Nearly 10-15% of paragangliomas are asymptomatic(1).
Delay in diagnosis can cause severe cardiac complications and may even lead to sudden death(1).
Is Paraganglioma A Serious Condition?
Paragangliomas can be asymptomatic as well as symptomatic; asymptomatic ranging from 10-15% that can be diagnosed incidentally through imaging done for other causes or in postmortem cases. The symptoms of paragangliomas can be highly varied owing to the production of different catecholamines (epinephrine, norepinephrine, and dopamine) secretion, non-secretion of catecholamines by HNPGLs, location of the tumor mass, the involvement of other organs when associated with other hereditary syndromes and long-term exposure to high levels of circulating catecholamines(1).
Hypertension in advanced cases of PCCs and sPGLs is either seen as prolonged or paroxysmal. The classical triad of symptoms, namely, spells of palpitations, headaches, and diaphoresis (excessive sweating) along with hypertension are noted. If these symptoms are present then paraganglioma should be suspected and biochemical testing should be carried out. These paroxysms can last from few minutes to hours or even days and the frequency also varies.

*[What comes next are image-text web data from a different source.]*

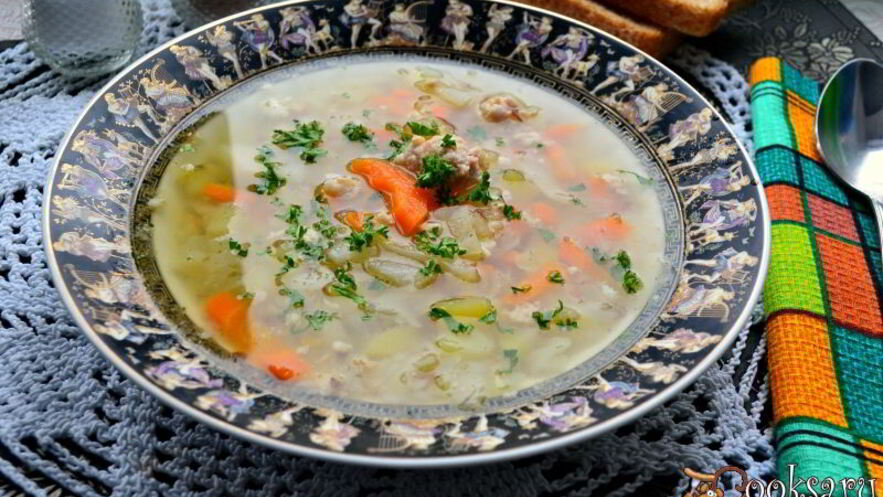 Рецепт овощного супа с гречкой и куриным фаршем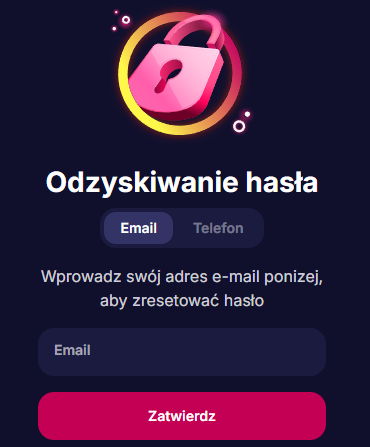 Formularz resetowania hasła w casino NV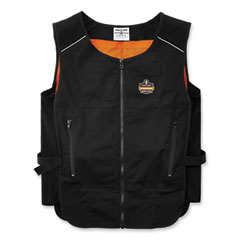 Chill-Its 6260 Lightweight Phase Change Cooling Vest with Packs, Cotton/Polyester, Large/X-Large, Black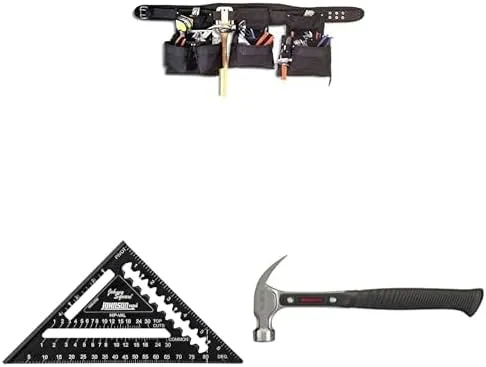 CLC 18 Pocket Carpenter Belt, Johnson 7" Rafter Square, Hultafors Claw Hammer TC 20 XL Bundle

These spells can either occur spontaneously or be triggered through some activity, diagnostic procedures, certain foods (caffeine, amine-containing foods, certain cheeses), drugs (metoclopramide, glucocorticoids, glucagon).
Other associated symptoms include weakness, nausea, vomiting, anxiety, and hyperglycemia. Due to the atypical nature of the tumor, there can be a delay in diagnosis and this might lead to serious cardiac complications, such as myocardial infarction, arrhythmias, heart failure, cerebrovascular accidents, and even sudden death. Therefore, an immediate diagnosis is necessary. Head and neck paragangliomas can present with painless mass, hearing loss, difficulty in swallowing and speech, tinnitus, cranial nerve palsy, and hoarseness of voice(1).

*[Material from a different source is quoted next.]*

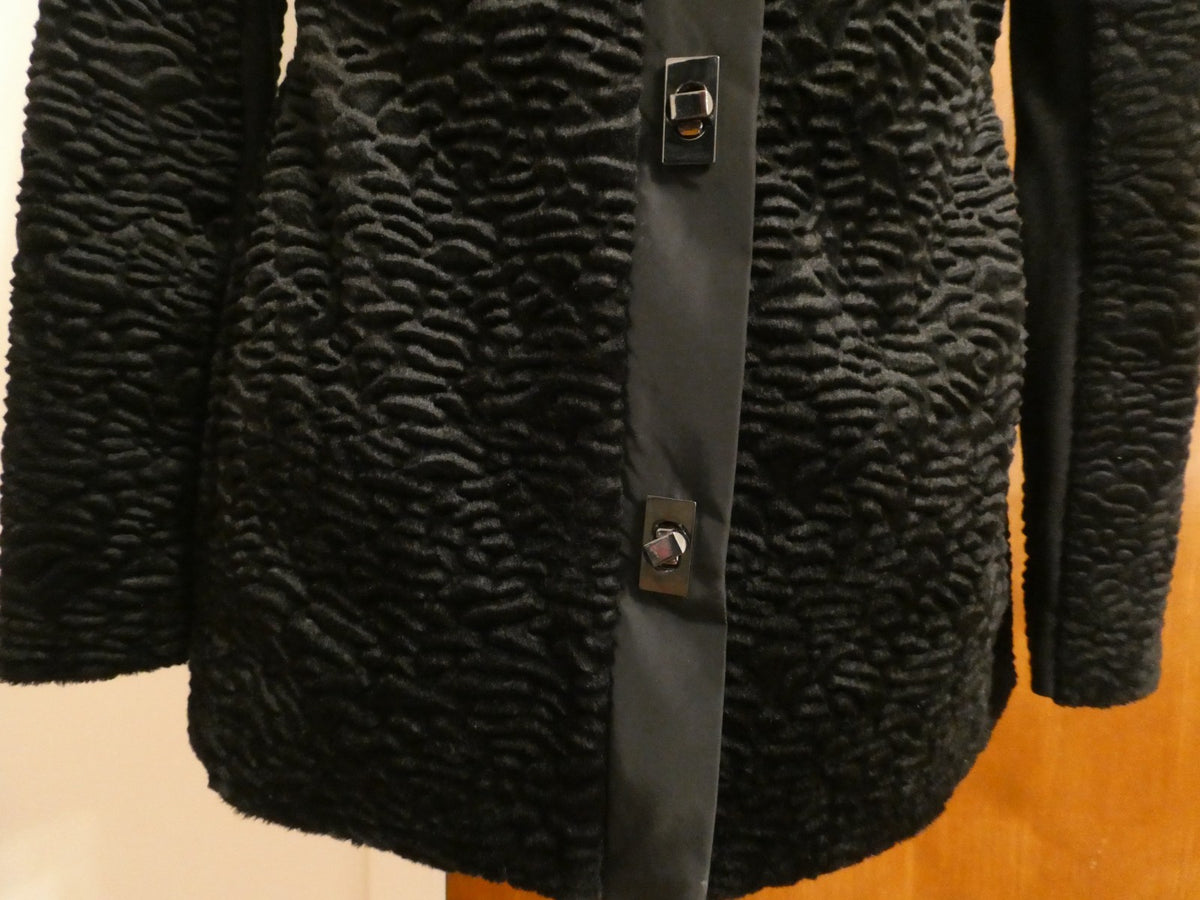 Carol Anderson By Invitation Women Textured Velour Black Jacket Toggle Buttons S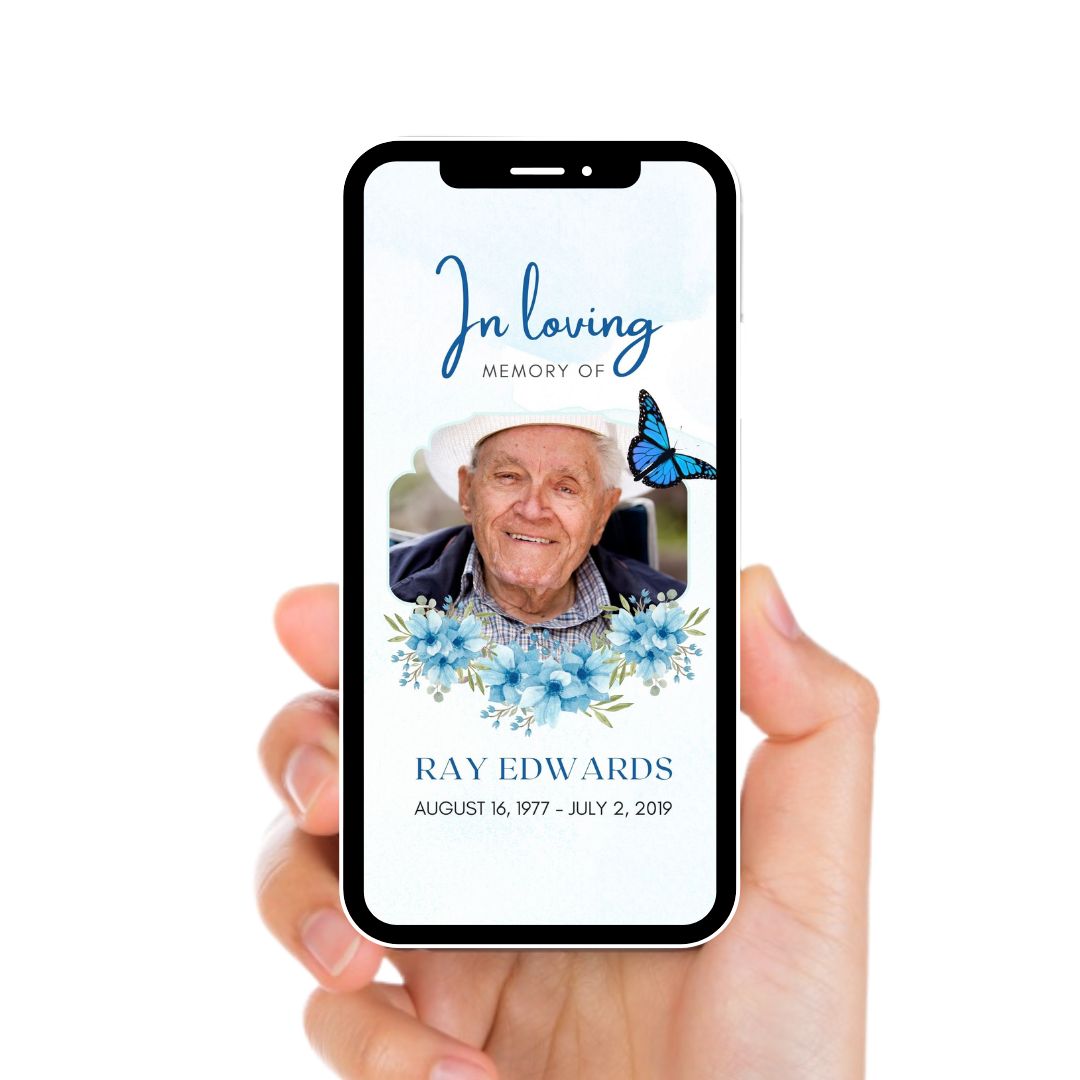 Butterfly Release Life Memorial Video Invitation - Butterfly Release Theme Memorial Invite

Can Paragangliomas Be Reversed?
The diagnosis of paragangliomas can be done with biochemical testing by measuring the plasma levels of metanephrines and/or 24-hour urine excretion of fractioned metanephrines. Positive biochemical testing can be confirmed by imaging, including MRI, CT scan, MIBG (I-metaiodobenzylguanidine) scintigraphy, and PET scan(1).
Since most of the paragangliomas are benign, the condition can be reversed by surgically excising the tumor mass and the patients can be symptom-free and lead a normal life. Benign paragangliomas are also associated with an excellent prognosis. There are minor postoperative complications including hypotension and hypoglycemia, which can be well managed and subside in a few days. Regular annual follow-up with biochemical testing and blood pressure control is necessary to monitor patients for the possibility of a local recurrence or metastases. However, 10% of pheochromocytomas and 10-20% of paragangliomas are malignant and their management is a little bit tricky. Malignant tumors are managed by surgical resection of the primary tumor and the regional lymph nodes. Radiation therapy is also given to slow down the progression of the remaining disease. Combination chemotherapy (cyclophosphamide, vincristine, and dacarbazine) is also used in MIBG-negative patients.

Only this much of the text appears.